Quem me vê sentado nesta moderna e confortável poltrona
ao lado do grande vitrô de um décimo segundo andar
de um luxuoso edifício de uma região nobre da cidade,
horas a fio, estático,
olhos fixos em lugar nenhum
jogando a fumaça do cigarro para o lado de fora
imagina, evidentemente, que estou pensando em algo sério
que faço plano, que traço metas e objetivos a curto prazo
ou que, no mínimo, penso em alguém ou em alguma coisa.
Mas nada disto me preocupa.
Se já não sou tão jovem para sonhar acordado
também ainda não sou tão velho para apenas esperar a morte.
Não sonho acordado
Não faço planos
Não acredito que o fim esteja próximo.
Se olho fixo para a televisão
sem ver e sem prestar atenção
é apenas para manter os olhos em atividade;
Se observo detidamente os prédios a minha frente
é porque os mesmos são intransponíveis à visão;
Se busco demoradamente os contornos verde-escuros
dos morros que circundam a cidade
e separam as áreas dos cidadãos e dos miseráveis
é apenas para testar minha atual acuidade visual.
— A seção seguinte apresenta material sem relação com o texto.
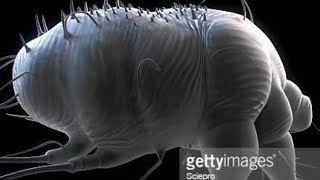 How to Get Rid Of Scabies/Skin Mites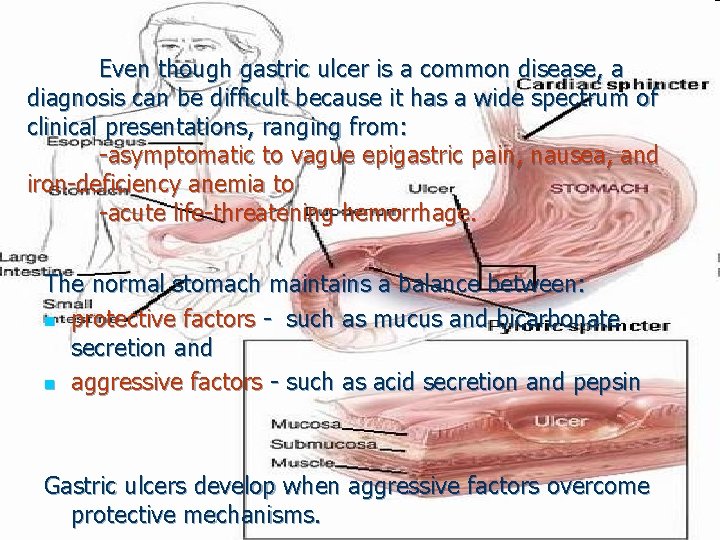 Even though gastric ulcer is a common disease, a diagnosis can be difficult because
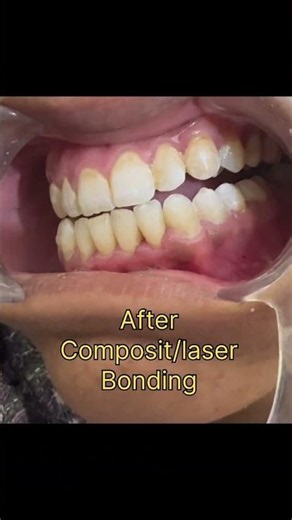 Composit restoration for marginal cavities #dentalcare #dentist #drsaba #oralhealth #dentalphilosphy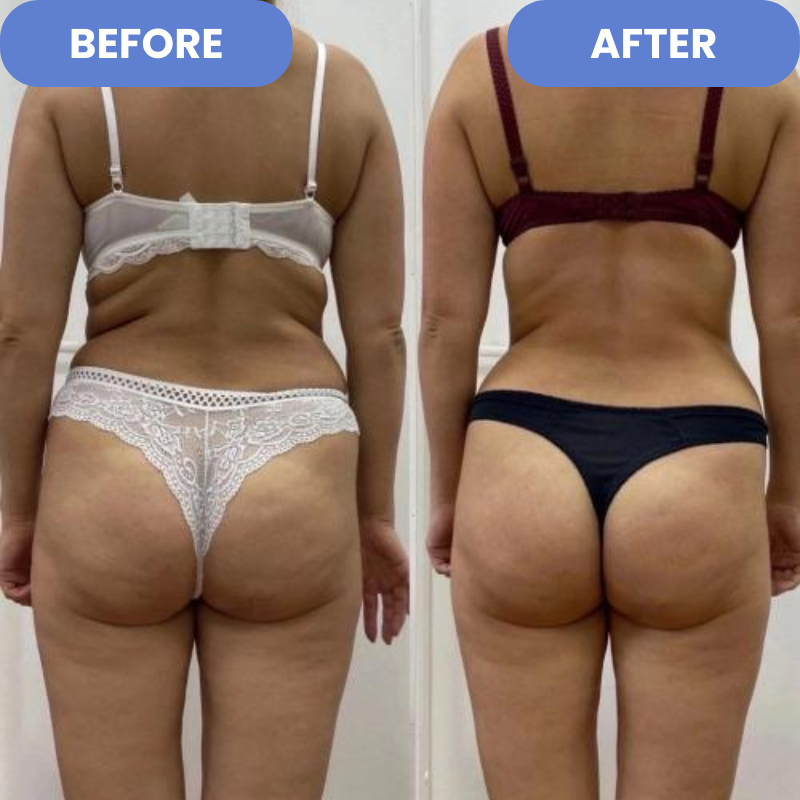 50% RABATT | Cellurelle™ | Anti-Cellulite-Entferner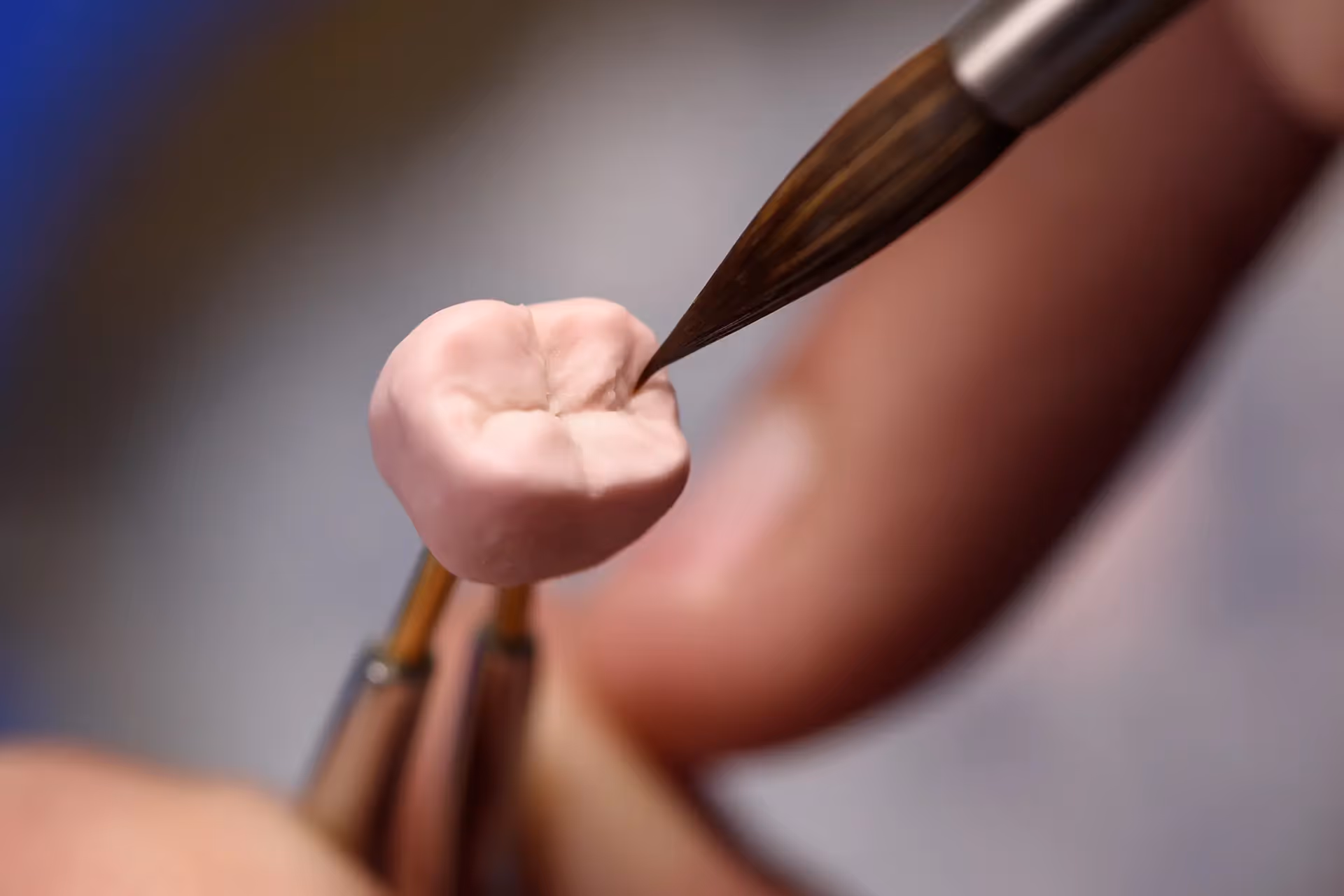 Implant Crowns in Cincinnati in Canton, GA | Hubbell J. Smith, DDS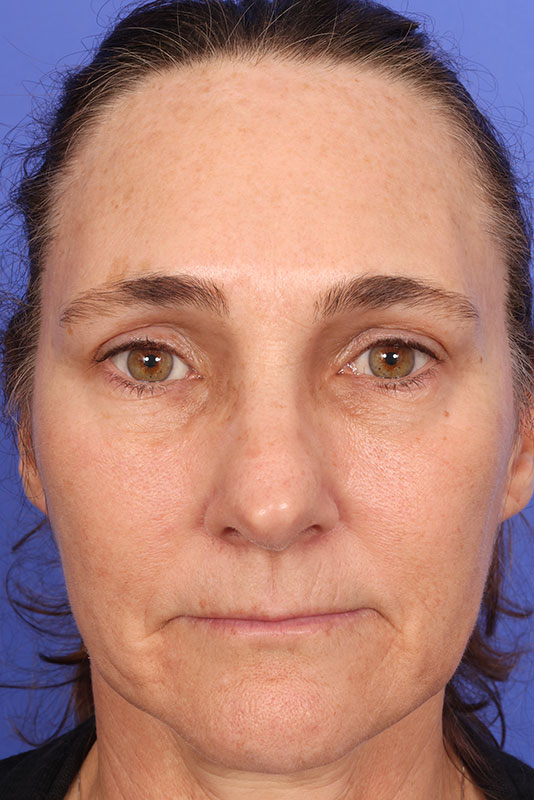 Laser Skin Resurfacing Before & After Image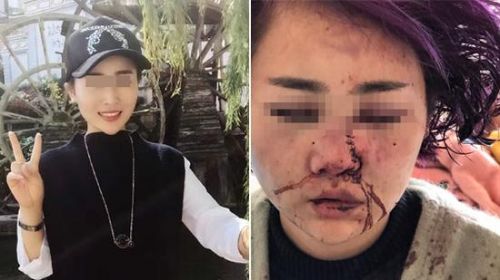 女游客琳哒被打前后对比 女游客琳哒被打前后对比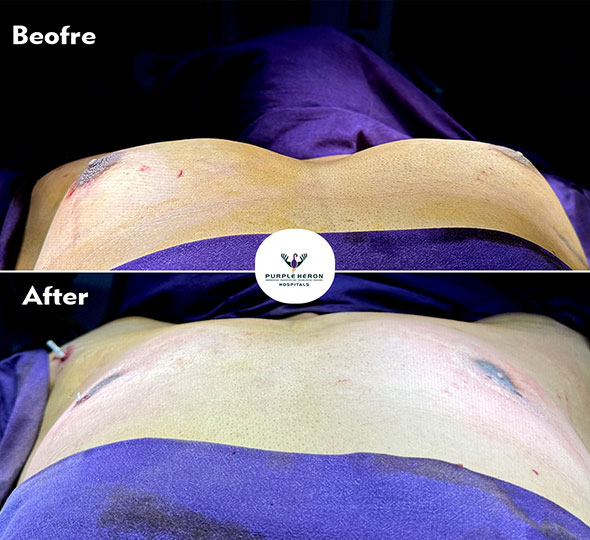 Plastic Surgery Patient of Dr. Lamoria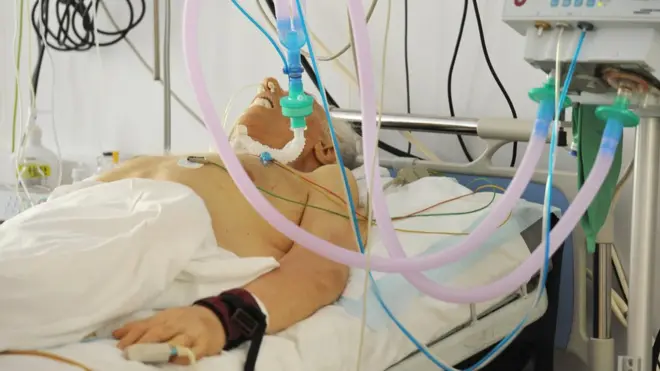 реанимация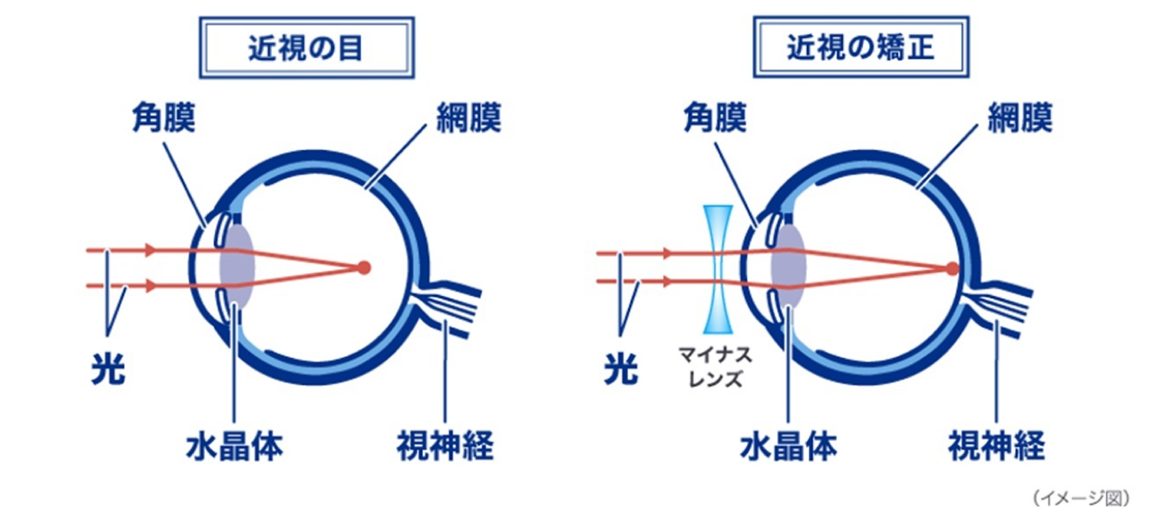 近視の目 近視の矯正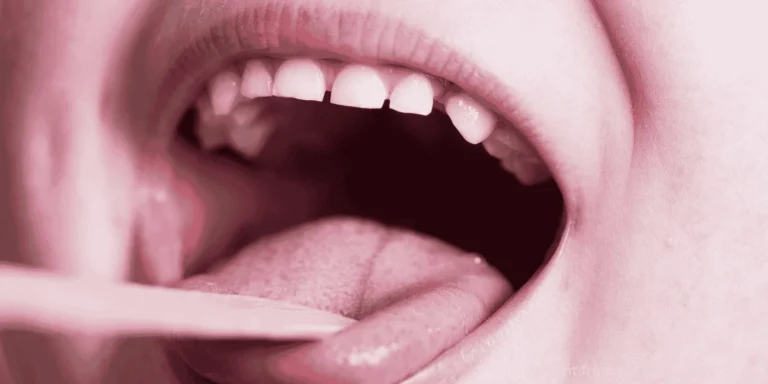 prevent frequent throat infections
Não faço distinção entre os rostos e as figuras
que me passam pela mente
muito menos busco alguém em especial;
Não sinto a diferença
entre o piso seguro do concreto que me sustenta
e o vazio do espaço aberto do além-janela
nem percebo a transição
entre a luz opaca do sol poente
e a luz artificial, multicolorida, que vai iluminando
prédios, pessoas e o asfalto lá embaixo;
Não me preocupa saber
se é segunda ou sexta-feira
se são dezoito ou vinte e quatro horas;
que o tempo, enquanto cronologia,
já não tem qualquer importância para mim.
Deixem-me, portanto, escolher o meu jeito de ser
Deixem-me, por favor, observar apenas a passagem do tempo
Deixem-me, afinal, continuar aqui, sozinho, em paz,
esperando.
Apenas esperando o depois.
S. Paulo-Angélica-12.11.91.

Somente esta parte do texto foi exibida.